> [WHAT TO PRODUCE]: This calls for a verbatim copy of all the data, with no images carried over.

> [RAW DATA]:
══════════
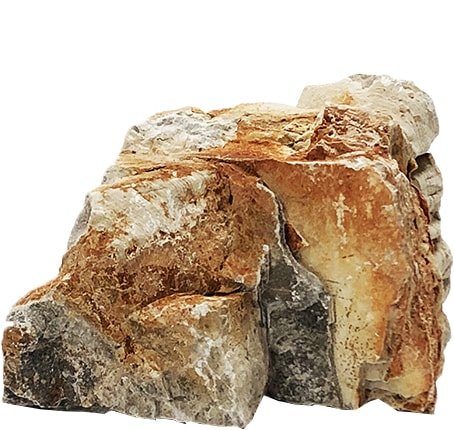 

Грунт Natural Color Layer Rock XF40102 натуральный 20 кг
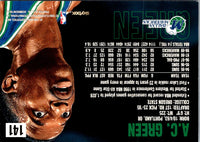 1999 SkyBox Jaren Jackson #141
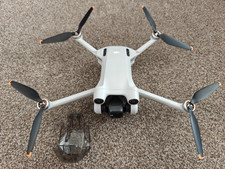 DJI Mini 3 Pro Drone Only - Unbound - Fully Working - Immaculate Cond - 007UBNR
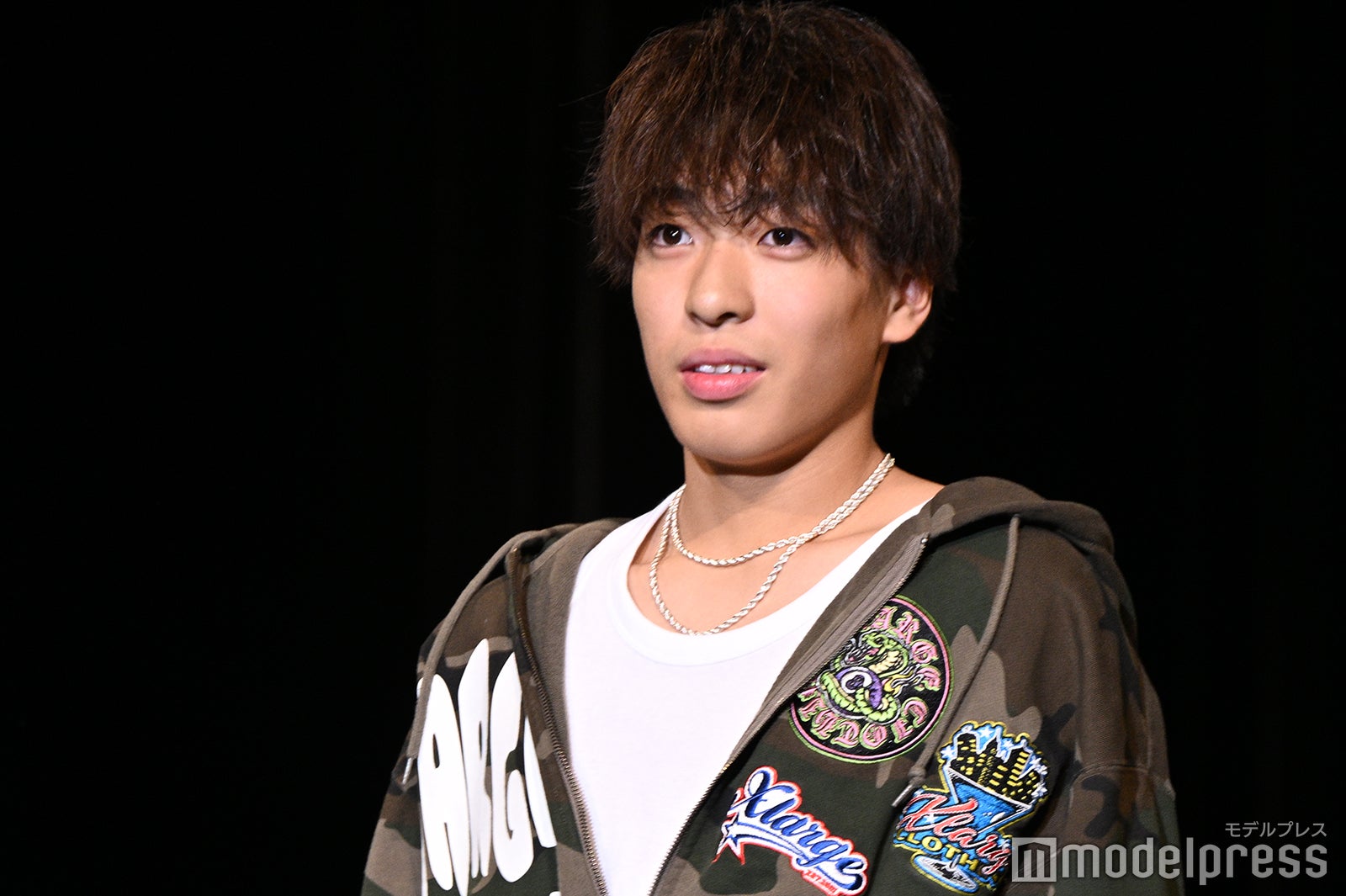 「男子中学生ミスターコン2025」ファイナル審査より（C）モデルプレス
══════════
> [SOLUTION TO THIS EXERCISE]:
Грунт Natural Color Layer Rock XF40102 натуральный 20 кг
 1999 SkyBox Jaren Jackson #141
 DJI Mini 3 Pro Drone Only - Unbound - Fully Working - Immaculate Cond - 007UBNR
 「男子中学生ミスターコン2025」ファイナル審査より（C）モデルプレス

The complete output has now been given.